**MATERIALS PROVIDED**
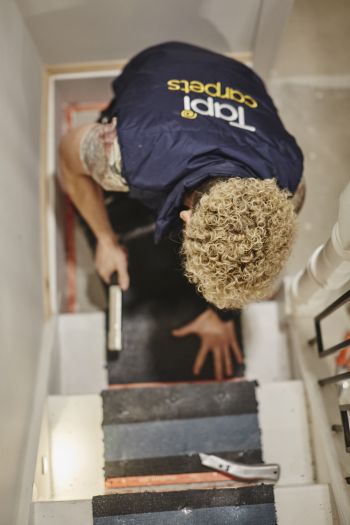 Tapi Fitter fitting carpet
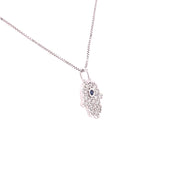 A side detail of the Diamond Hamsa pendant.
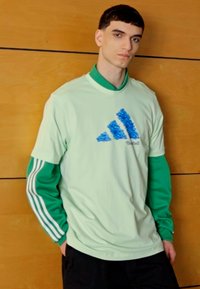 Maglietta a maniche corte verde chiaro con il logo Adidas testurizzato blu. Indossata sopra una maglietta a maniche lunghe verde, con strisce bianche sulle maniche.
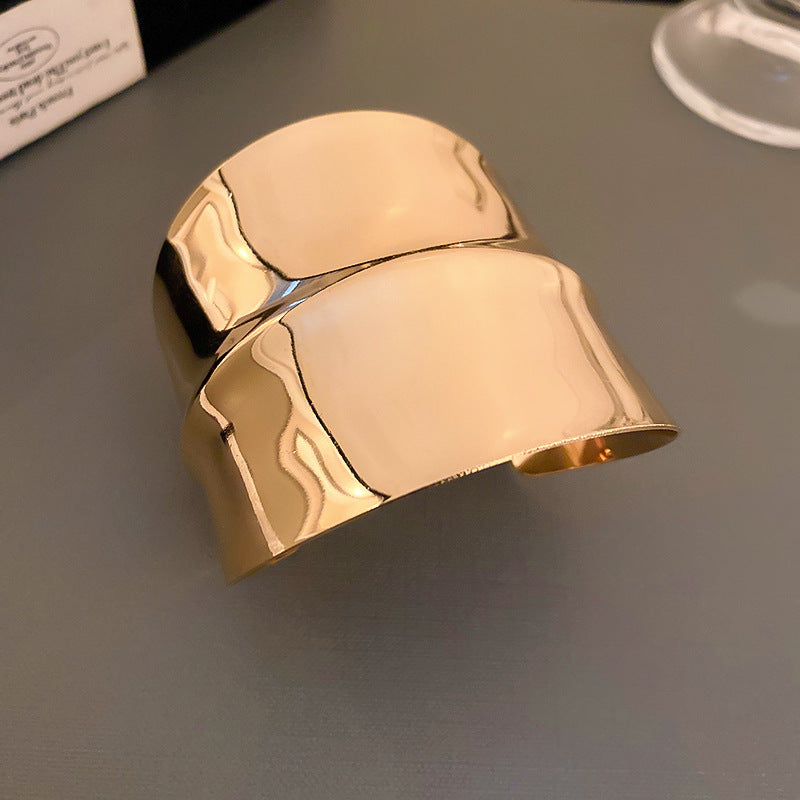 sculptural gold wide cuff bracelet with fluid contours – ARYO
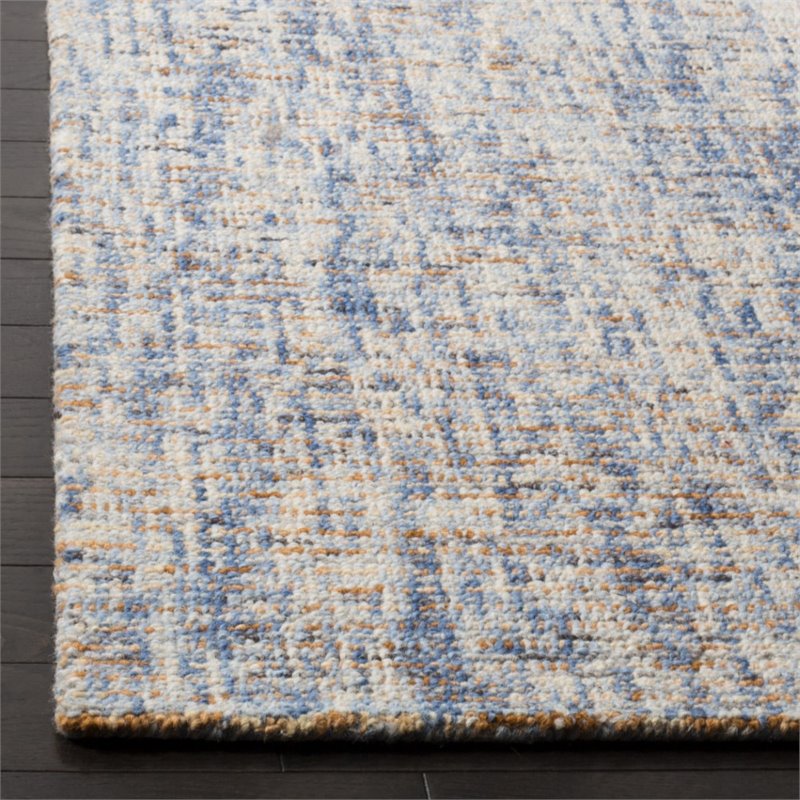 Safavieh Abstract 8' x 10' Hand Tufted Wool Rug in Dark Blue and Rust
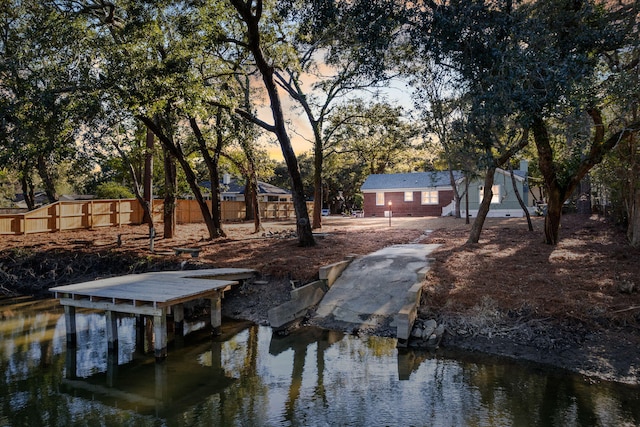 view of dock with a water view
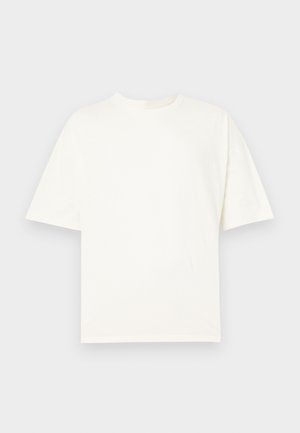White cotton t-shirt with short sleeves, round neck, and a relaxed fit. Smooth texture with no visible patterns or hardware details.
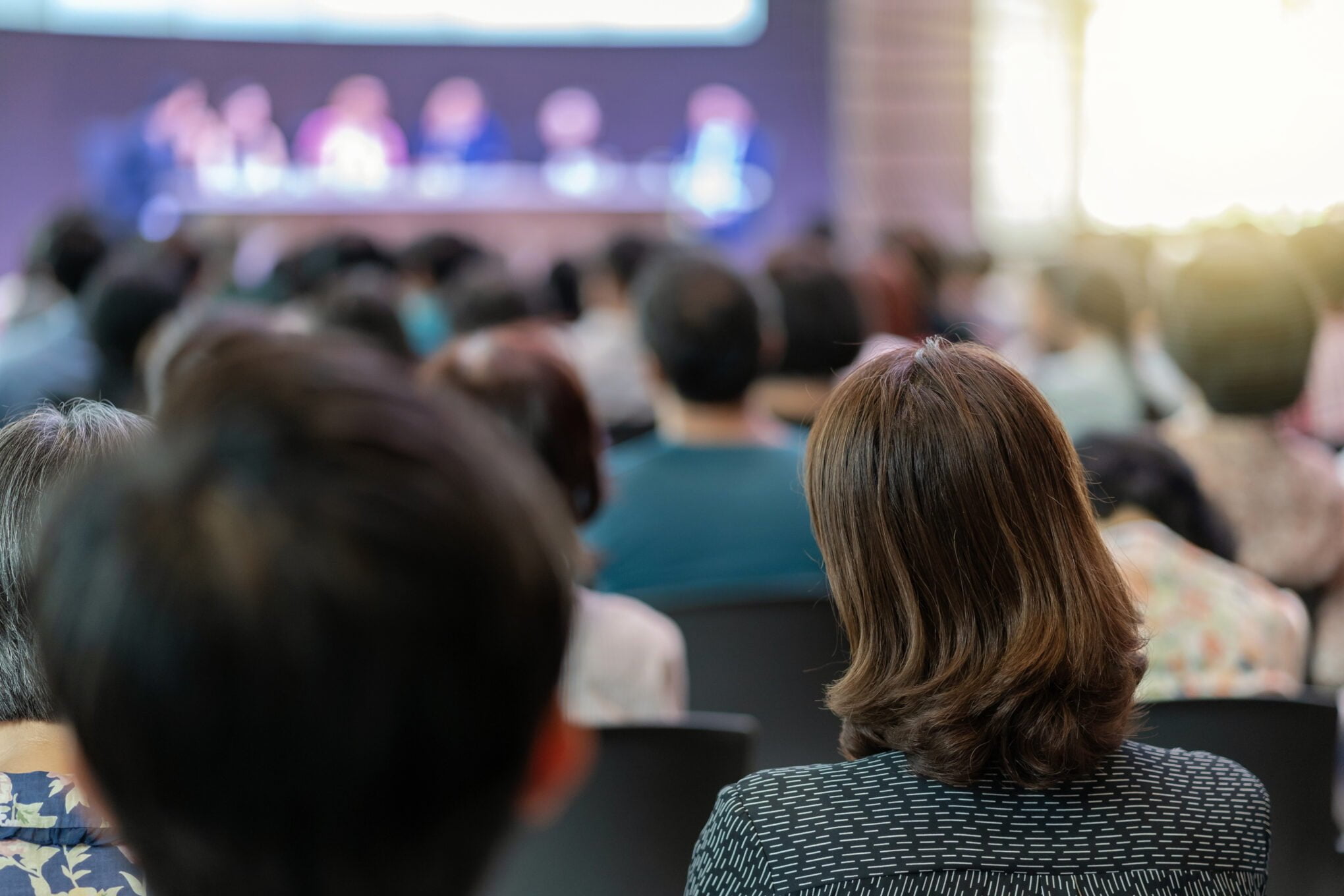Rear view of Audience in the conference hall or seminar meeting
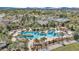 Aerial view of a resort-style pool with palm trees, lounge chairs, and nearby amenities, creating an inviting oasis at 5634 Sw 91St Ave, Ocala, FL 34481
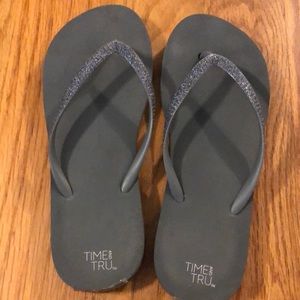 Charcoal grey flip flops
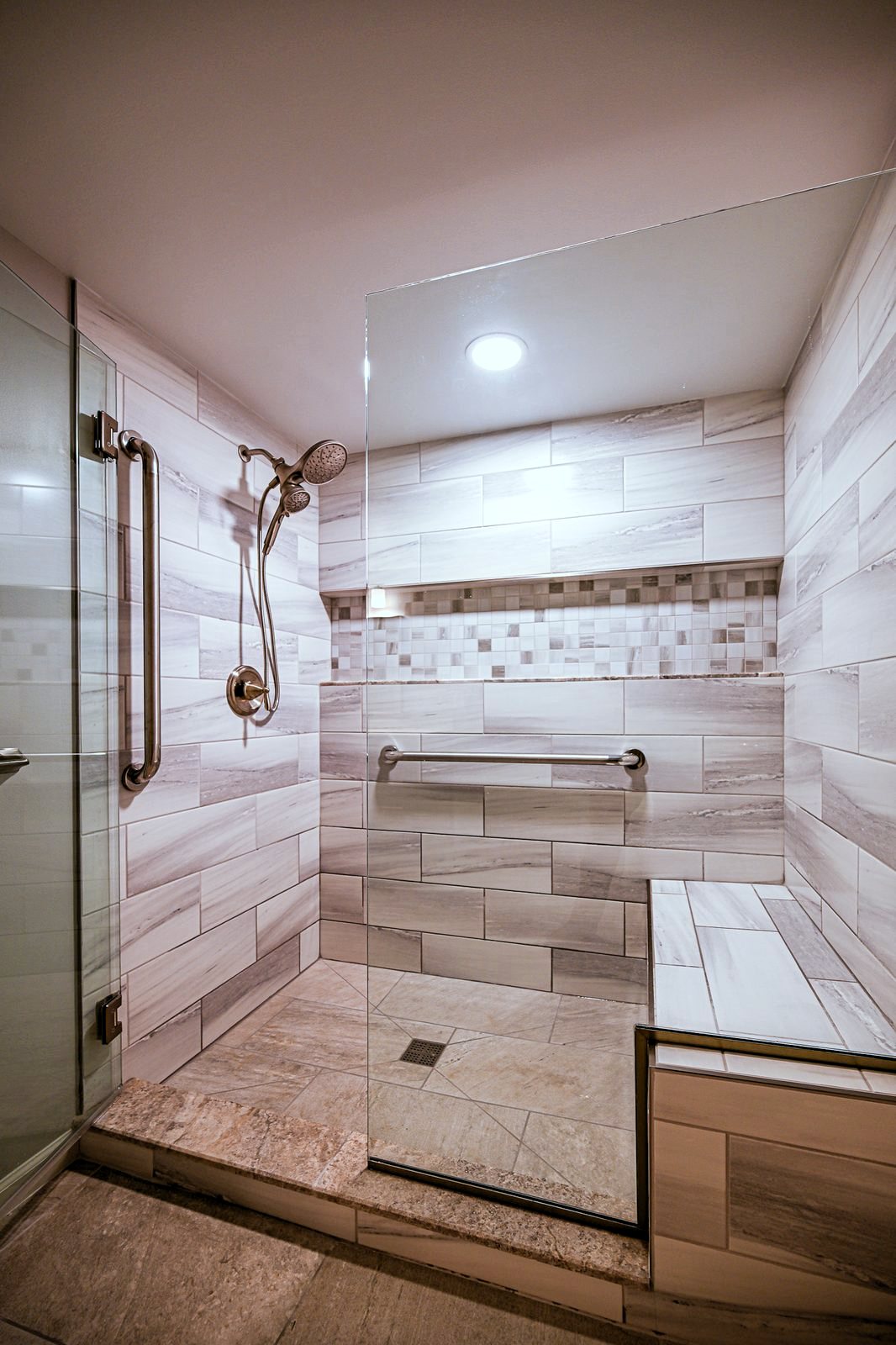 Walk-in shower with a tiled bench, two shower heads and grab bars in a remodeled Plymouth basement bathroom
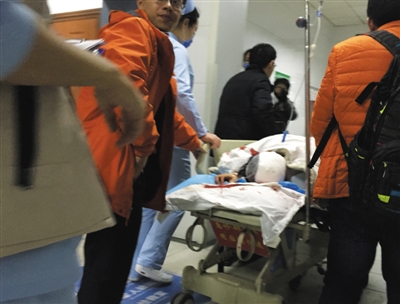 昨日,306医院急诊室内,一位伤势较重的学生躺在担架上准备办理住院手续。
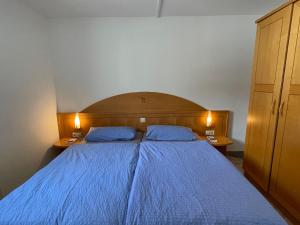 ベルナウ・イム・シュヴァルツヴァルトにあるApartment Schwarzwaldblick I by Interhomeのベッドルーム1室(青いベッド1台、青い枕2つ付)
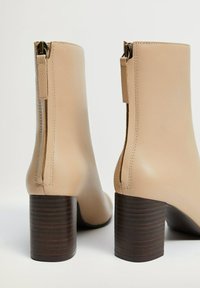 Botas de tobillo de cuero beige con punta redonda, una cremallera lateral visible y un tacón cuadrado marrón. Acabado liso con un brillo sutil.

**WHAT THE EXERCISE ASKS**
Reproduce all the entries that precede this task, word for word, minus any pictures.

**OUTPUT FOR THIS TASK**
 Tapi Fitter fitting carpet
 A side detail of the Diamond Hamsa pendant.
 Maglietta a maniche corte verde chiaro con il logo Adidas testurizzato blu. Indossata sopra una maglietta a maniche lunghe verde, con strisce bianche sulle maniche.
 sculptural gold wide cuff bracelet with fluid contours – ARYO
 Safavieh Abstract 8' x 10' Hand Tufted Wool Rug in Dark Blue and Rust
 view of dock with a water view
White cotton t-shirt with short sleeves, round neck, and a relaxed fit. Smooth texture with no visible patterns or hardware details.
Rear view of Audience in the conference hall or seminar meeting
 Aerial view of a resort-style pool with palm trees, lounge chairs, and nearby amenities, creating an inviting oasis at 5634 Sw 91St Ave, Ocala, FL 34481
 Charcoal grey flip flops
 Walk-in shower with a tiled bench, two shower heads and grab bars in a remodeled Plymouth basement bathroom
 昨日,306医院急诊室内,一位伤势较重的学生躺在担架上准备办理住院手续。
 ベルナウ・イム・シュヴァルツヴァルトにあるApartment Schwarzwaldblick I by Interhomeのベッドルーム1室(青いベッド1台、青い枕2つ付)
 Botas de tobillo de cuero beige con punta redonda, una cremallera lateral visible y un tacón cuadrado marrón. Acabado liso con un brillo sutil.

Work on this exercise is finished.